After completing the correction at $4098.74 on the March 23 low, Gold (XAUUSD) initiated a rally in a clear impulsive structure. From that level, wave (1) advanced and concluded at $4890.97. The subsequent pullback in wave (2) finished at $4500.46, as reflected in the one‑hour chart. Following this retracement, the metal resumed its upward movement in wave (3). However, confirmation of this view requires a decisive break above the prior wave (1) peak at $4890.97. From the wave (2) low, wave 1 advanced and ended at $4764.73.
At present, wave 2 is unfolding as a corrective phase to address the cycle that began on May 5, 2026. The internal structure of this wave is developing as an expanded flat formation within the Elliott Wave framework. Declining from wave 1, wave ((a)) terminated at $4647.71, while wave ((b)) completed at $4773.58. The ongoing wave ((c)) of 2 is progressing lower in impulsive fashion, with potential to retest the $4500.46 level before a renewed advance occurs.
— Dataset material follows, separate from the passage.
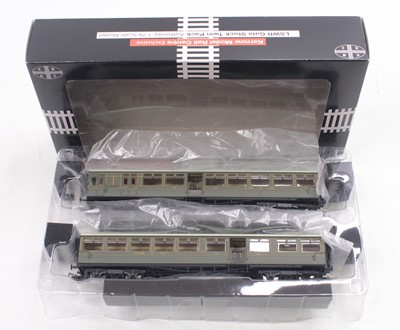 Lot 415 - A Kernow Model Rail Centre Exclusive LSWR Gate...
This decline is part of the corrective sequence rather than a reversal of the broader trend.
In the near term, the key pivot remains the $4500.46 low. As long as this level holds, the expectation favors a resumption of the upward cycle once the correction completes. The broader structure suggests that Gold is consolidating within a corrective pattern, yet the underlying impulsive bias remains intact. Traders should monitor the completion of wave ((c)) closely, as it will likely set the stage for the next bullish phase.